Ag industry helps with COVID vaccine storage

Syngenta has donated freezers capable of properly storing the Pfizer vaccine

By Diego Flammini
Staff Writer
Farms.com

The U.S. ag industry is doing its part to ensure COVID vaccines can be stored properly.

Syngenta has donated three freezers from Thermo Scientific and Forma Scientific to hospitals in Iowa and North Carolina.

These freezers are likely being used to store the Pfizer vaccine.

The vaccine requires storage conditions of at least -70°C (-94°F), Pfizer’s website says.

The vaccine from Moderna, for contrast, can be stored between 2° and 8°C (36° to 46°F).

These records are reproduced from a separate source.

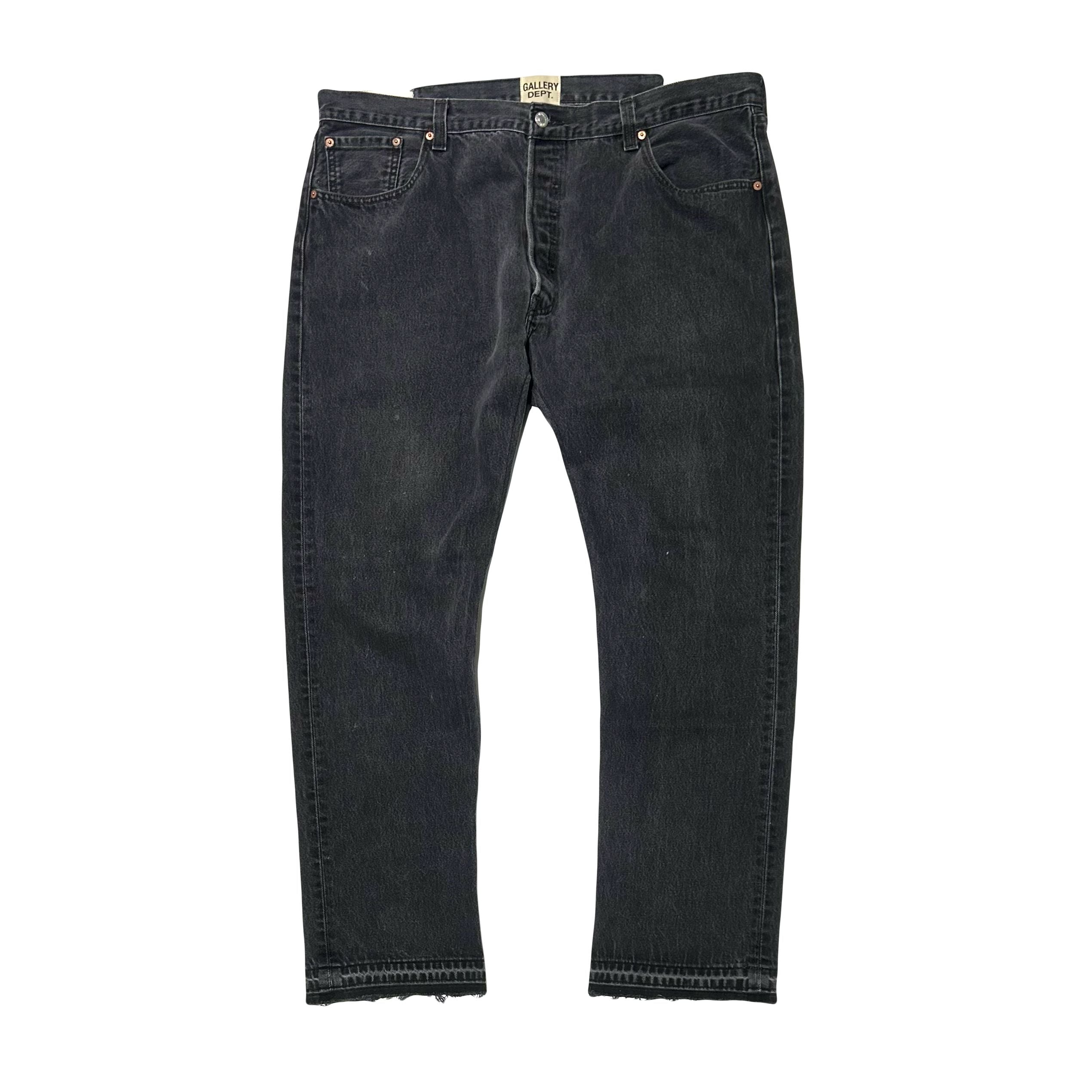 Gallery Dept. 5001 Jeans Washed Black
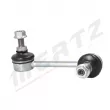 Entretoise/tige, stabilisateur avant droit MERTZ M-S1099 - Visuel 1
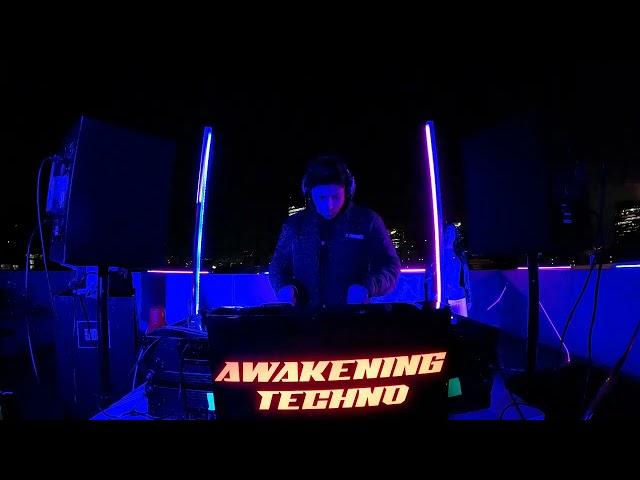 Awakening Sessions - Braulio Syrok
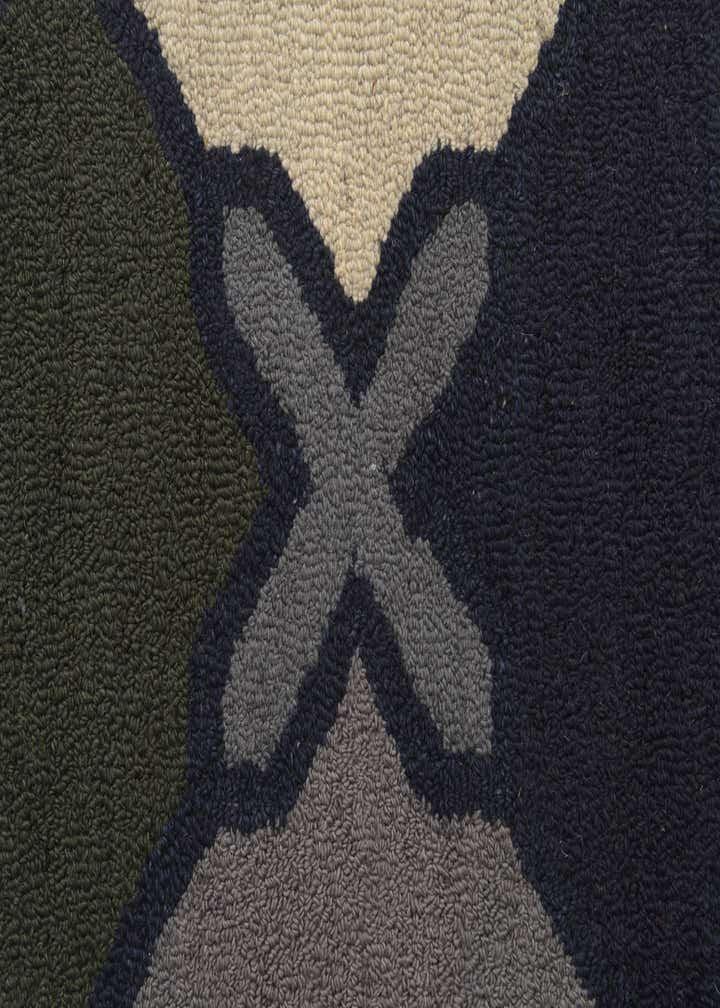 Detail image of rug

The Thermo and Forma Scientific freezers can reach temperatures as low as -86°C (-122.8°F).

“These are specialty freezers, they’re obviously not your domestic freezer for keeping your ice cream,” Ian Jepson, site manager of the RTP Innovation Center in North Carolina, told Farms.com. “We use these in life sciences research for storage of DNA, RNA and antibodies, so they’re well suited for vaccines.”

The research site in North Carolina has nearly 50 freezers it uses for ultra-low temperature storage.

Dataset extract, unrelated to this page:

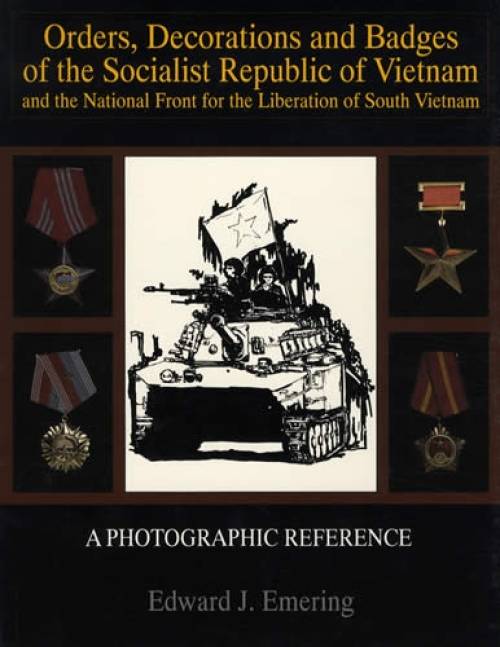 Orders, Decorations, Badges of the Socialist Republic of Vietnam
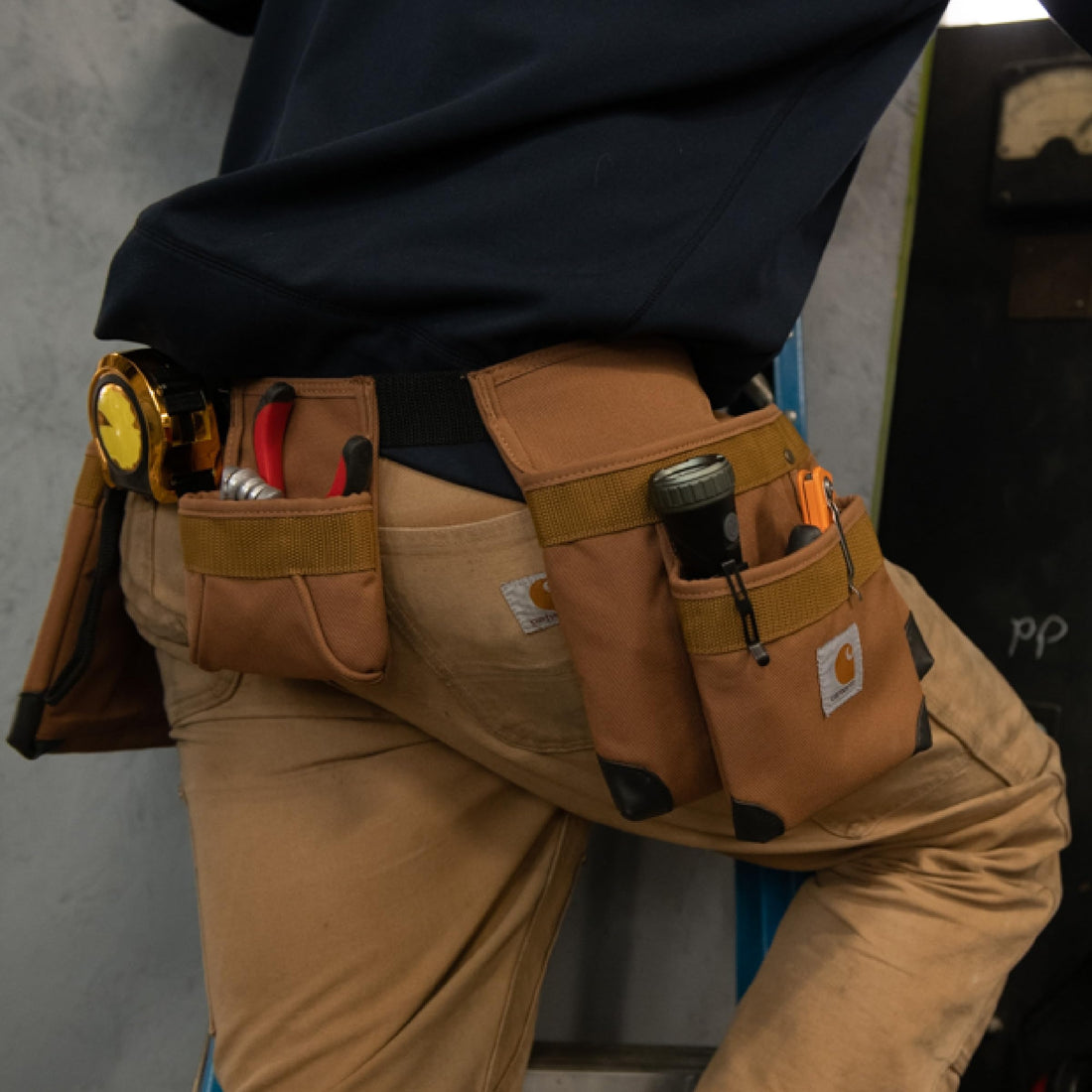Menswear Carhartt Belts, Bags & Accessories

A local hospital in Iowa initially contacted Syngenta researchers voicing concerns about having the ability to store the COVID vaccine.

“Based on that information, I reached out to the (University of North Carolina) hospital system,” Ian Jepson, site manager of the RTP Innovation Center in North Carolina, told Farms.com.

Feedback from the hospitals has been positive.

Hospitals aren’t generally equipped with these kinds of storage equipment, Jepson said.

Health officials “describe it as a game-changer,” he said. “They would not be able to distribute the vaccine unless they have these facilities in place. It typically takes six months to order one, and now everybody is trying to buy one. We delivered freezers in December and they’re fully operational.”

These donations represent another way the ag industry works to support communities.

The ag industry has been there for the public since the beginning of the pandemic and will continue to be there to protect food security, Jepson said.